As mentioned, the UK is still a member until two years after they give notice to the EU which means that EU workers will continue to be free to work and live in the UK. Currently, EU citizens can move to the UK without a visa and vice versa. Of course, there will need to be some preparation if EU citizens want to safeguard their stay.
Firstly, they can apply for a permanent residence if they have been in the UK for five or more years. As soon as they have permanent residence, they will be exempt from general immigration rules. Aside from this, they could also apply for an EEA certificate which allows EU citizens to live and work in the UK. If you’re an employer, you can support your workers by helping them through this application process.
After holding a permanent resident certificate for over a year, they can then apply to become a British citizen where they can receive a British passport. As an employer, you can provide them with advice and support as this decision will affect their voting, military service, tax, and their family.
In the long-term, it could become hard or even impossible for EU citizens to work in the UK and vice versa. In truth, we could go down the route of Norway where free trade and movement of workers is allowed with a financial contribution. Alternatively, the UK could agree separate deals with individual countries to allow movement of workers and free trade.

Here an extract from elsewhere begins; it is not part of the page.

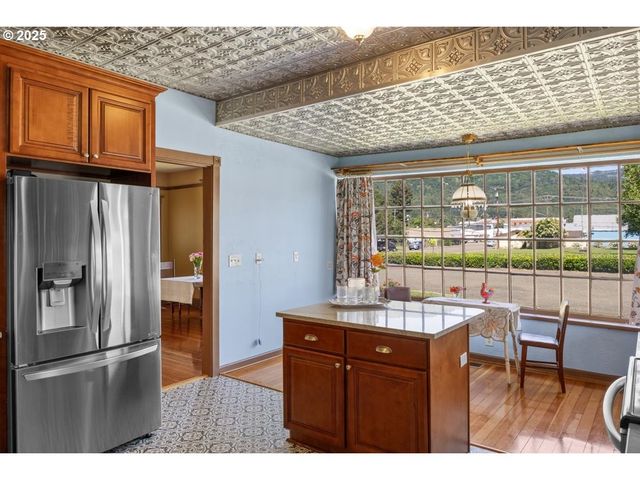 221 MAIN St, Riddle, OR 97469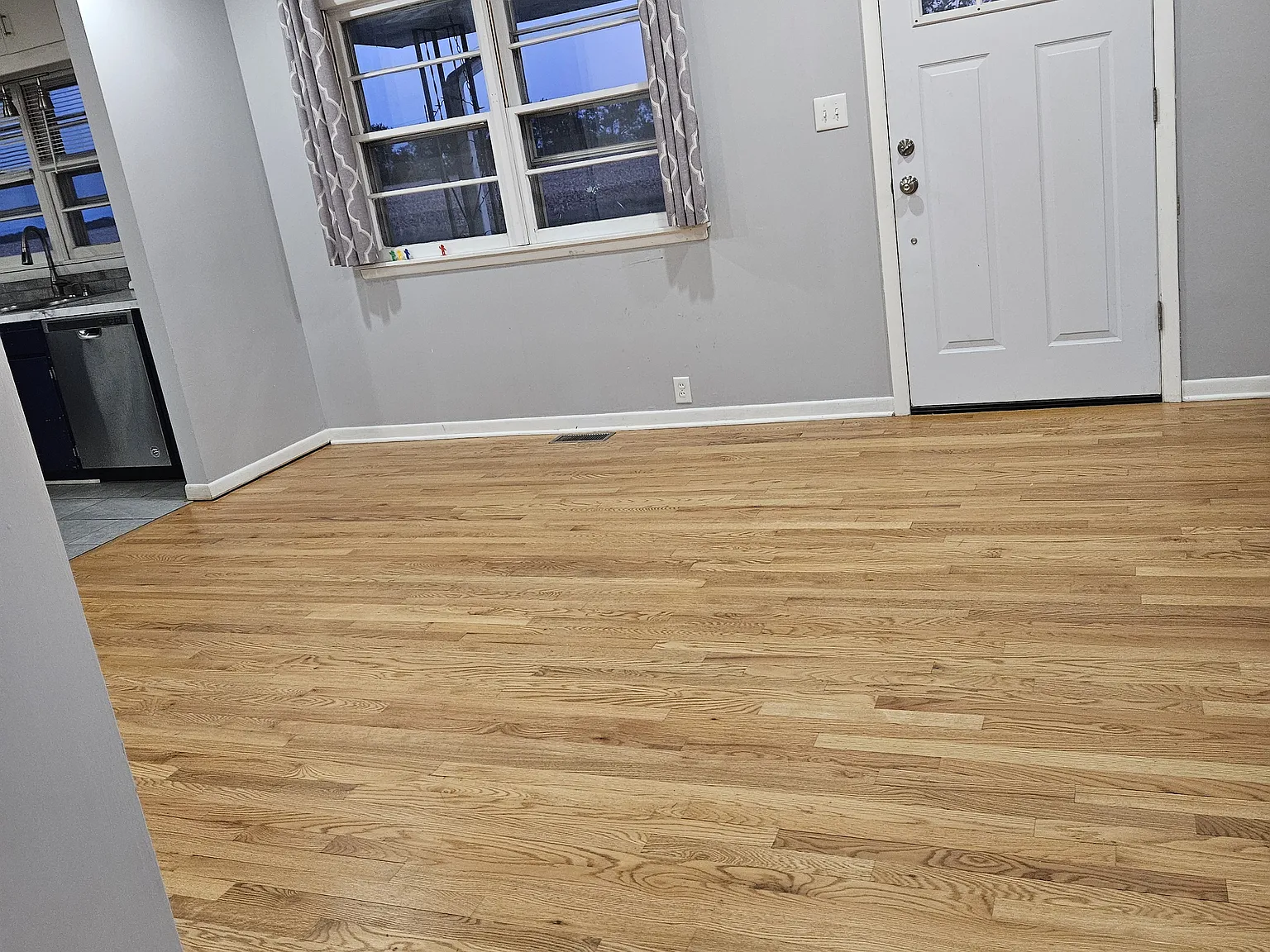3 bed, 1100 sqft, $1,700 — Photo 4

As soon as the UK leaves the EU, EU citizens will have to comply with the immigration rules that are introduced.
As an employer, you will have to continually provide evidence that you are complying to the rules that have been put in place in order to protect your brand image, relationship with consumers, and even business partnerships. To prepare for the change, all employers should conduct a full review of their company to assess not only what position they are in now but where they will be in the future. If you have employers that are eligible for dual citizenship, this should be done before leaving the EU as it will allow them to travel and work freely without any problems.
So there we have it, there are actions that businesses can take in order to protect their EU workers. Ultimately, it depends on how long they have been in the country as well as the new rules that come into place. In time, we will see what actions are taken but starting the process now may just allow your workers to stay with your company and in the country.